BEGIN

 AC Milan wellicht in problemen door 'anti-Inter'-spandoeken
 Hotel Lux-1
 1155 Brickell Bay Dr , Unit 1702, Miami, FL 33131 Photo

END
BEGIN

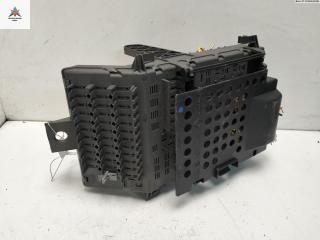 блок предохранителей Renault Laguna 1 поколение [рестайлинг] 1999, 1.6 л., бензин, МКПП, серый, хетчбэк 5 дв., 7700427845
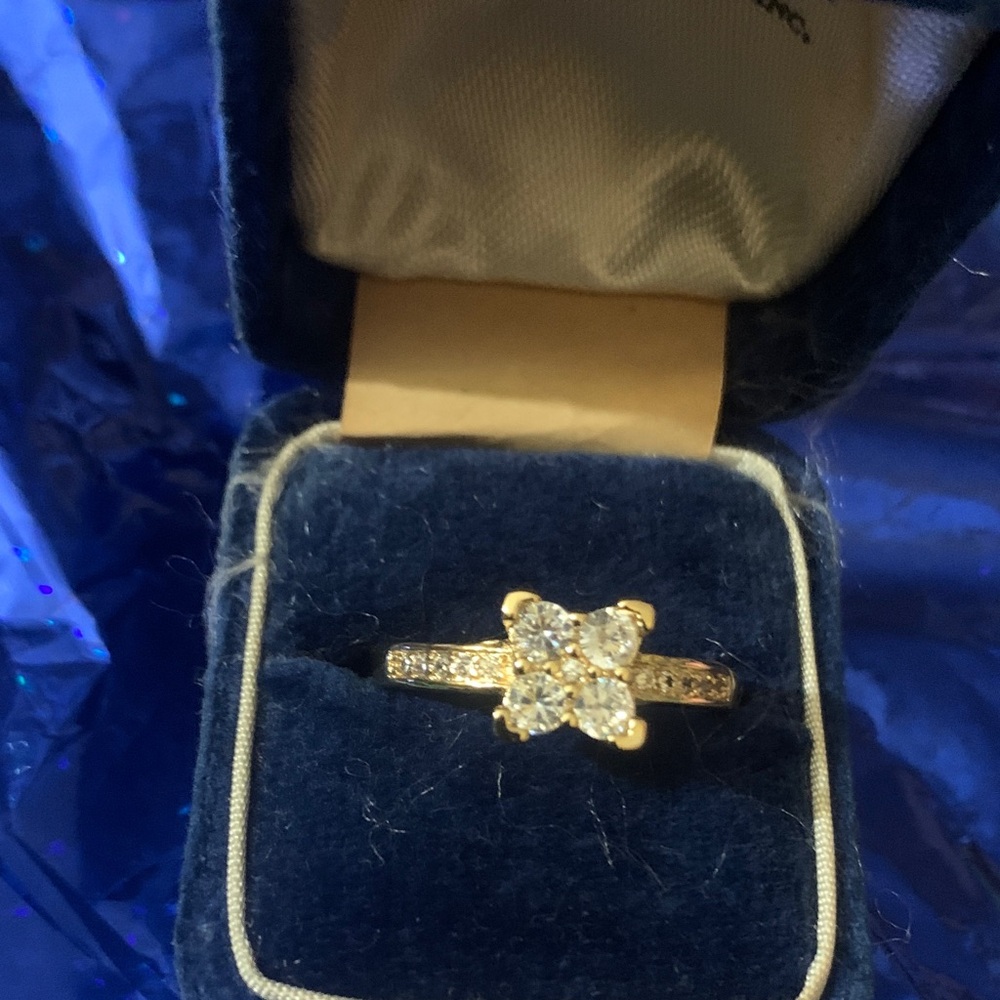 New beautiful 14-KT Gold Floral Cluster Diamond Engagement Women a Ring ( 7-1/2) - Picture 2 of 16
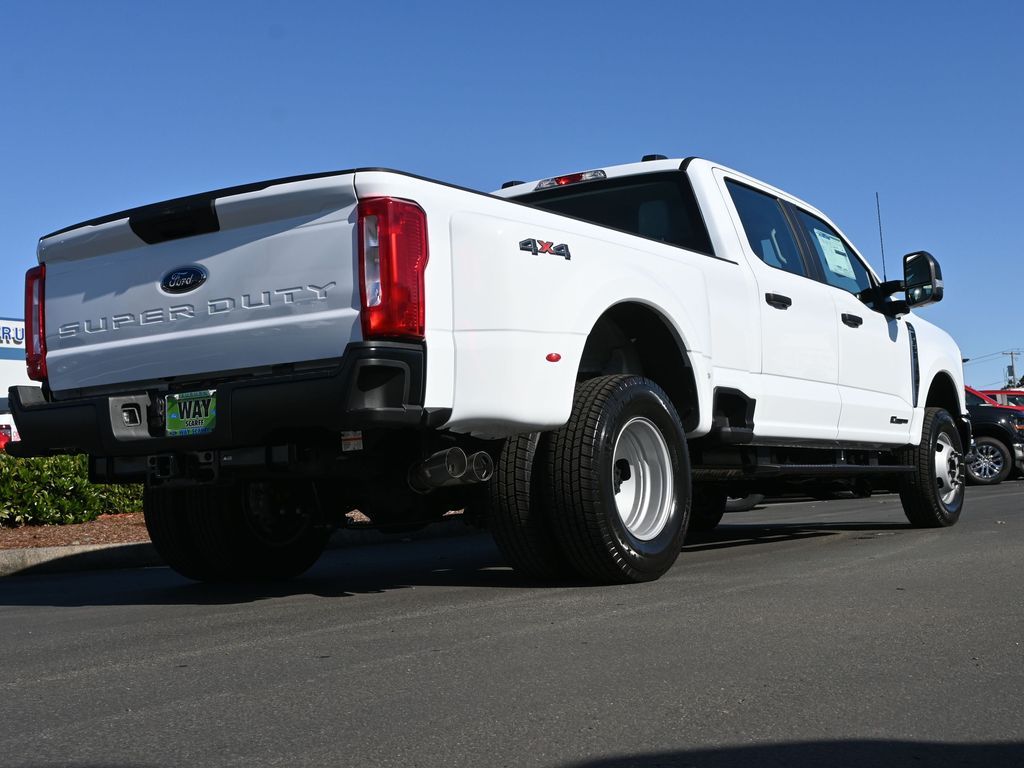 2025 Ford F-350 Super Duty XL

END

(WHAT TO WORK ON) What to print is the stretch of entries from the line with "New beautiful 14-KT" up to and including the line with "2025 Ford F-350 Super Duty XL". Please print it exactly and leave out the pictures.

(YOUR RESPONSE)
 New beautiful 14-KT Gold Floral Cluster Diamond Engagement Women a Ring ( 7-1/2) - Picture 2 of 16
 2025 Ford F-350 Super Duty XL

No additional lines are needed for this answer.